La scelta di investire in questa fase viene fatta principalmente sulla base della cultura organizzativa dei proponenti, vale a dire su quel bagaglio di conoscenze e di esperienze a disposizione della società target, che la mettono in grado di affrontare i punti di debolezza e le minacce esterne e che sono considerati dal venture capitalist idonei per lo sviluppo del progetto imprenditoriale.
La due diligence più importante che viene effettuata nella start-up indaga proprio lo staff manageriale e la sua organizzazione:
- il curriculum dei manager;
- eventuali loro collaborazioni in passato;
- il livello di centralizzazione e di suddivisione dei compiti a seconda delle specifiche competenze;
- il livello di comunicazione interna e la capacità di prendere decisioni tempestive;
- la flessibilità e la capacità di reazione ai feedback;
- il sistema di controlli interni (risk management, codice etico, varie procedure di controllo interno).
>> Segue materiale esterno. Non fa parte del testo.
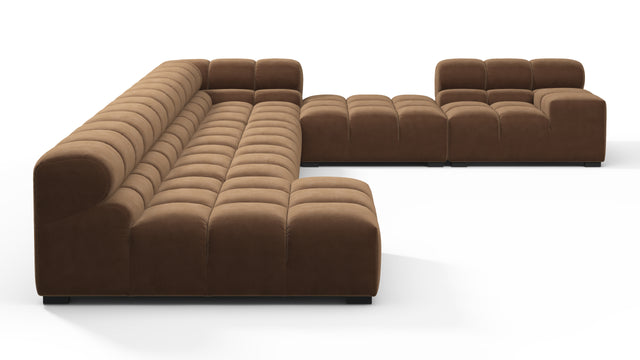 Tufted - Tufted Sectional, Extra Large Right Corner, Mocha Velvet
Senza dubbio l’analisi di sensitività in questa fase riveste un ruolo centrale, in quanto in assenza di dati storici, è molto rilevante la fiducia nel management sia in quanto team di persone capaci di realizzare il business sia in quanto persone estremamente motivate e convinte del suo valore.
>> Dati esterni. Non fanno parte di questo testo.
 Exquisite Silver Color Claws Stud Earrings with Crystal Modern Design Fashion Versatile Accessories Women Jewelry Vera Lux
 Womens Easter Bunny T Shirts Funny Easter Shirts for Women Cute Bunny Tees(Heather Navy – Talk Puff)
Questo tipo di feeling però non è ovviamente sufficiente per mettere l’investitore in condizione di decidere se partecipare al rischio oppure no, ma è indispensabile anche l’analisi, secondo criteri di valutazione diretti e indiretti, del progetto in sé e per sé e a supporto di tale decisione viene redatto il business plan.
Il business plan
Si tratta un insieme di documenti analitici e descrittivi che servono ad illustrare l’idea imprenditoriale e il suo sviluppo. La sua redazione riveste particolare importanza per l’imprenditore per due importanti motivi:
- ai fini dello sviluppo della start-up;
- per il reperimento di capitale di rischio.
Quanto al primo aspetto, la redazione dei vari rapporti obbliga la società a rispondere a determinati quesiti, a porsi certe problematiche e a trovare adeguate soluzioni o a riflettere con maggiore attenzione ad alcune parti del processo produttivo, commerciale e finanziario che magari aveva trascurato. La sua utilità si esplica quindi nel dare la giusta percezione della complessità del progetto e quindi reperire e coordinare efficientemente ed efficacemente le risorse necessarie.
In fieri, diventa una sorta di bussola e di linea guida da seguire e da correggere sapientemente nel caso di sviluppi imprevisti, per non perdere di vista l’obiettivo iniziale.
Quanto alla seconda motivazione, soprattutto in questa fase, non essendovi un pregresso storico che possa aiutare l’investitore nella sua scelta, oltre alla sua due diligence il business plan sarà l’unico prezioso strumento sul quale fondare la propria decisione, pertanto è estremamente importante redigerlo con la massima accuratezza.
Ciò non vuol dire però enfatizzare gli aspetti positivi e nascondere quelli negativi, che un operatore esperto svelerà subito, ma anzi mettere in risalto i punti di forza e di debolezza (che riguardano l’azienda al suo interno) nonché le opportunità e le minacce (che derivano dal rapporto con l’esterno).
Solo così facendo si mostrerà innanzitutto la consapevolezza e la conoscenza di tutte le sfaccettature del progetto e la capacità dell’imprenditore di farvi fronte (nel caso di minacce e di punti di debolezza) o di esaltarli (nel caso di punti di forza e di opportunità).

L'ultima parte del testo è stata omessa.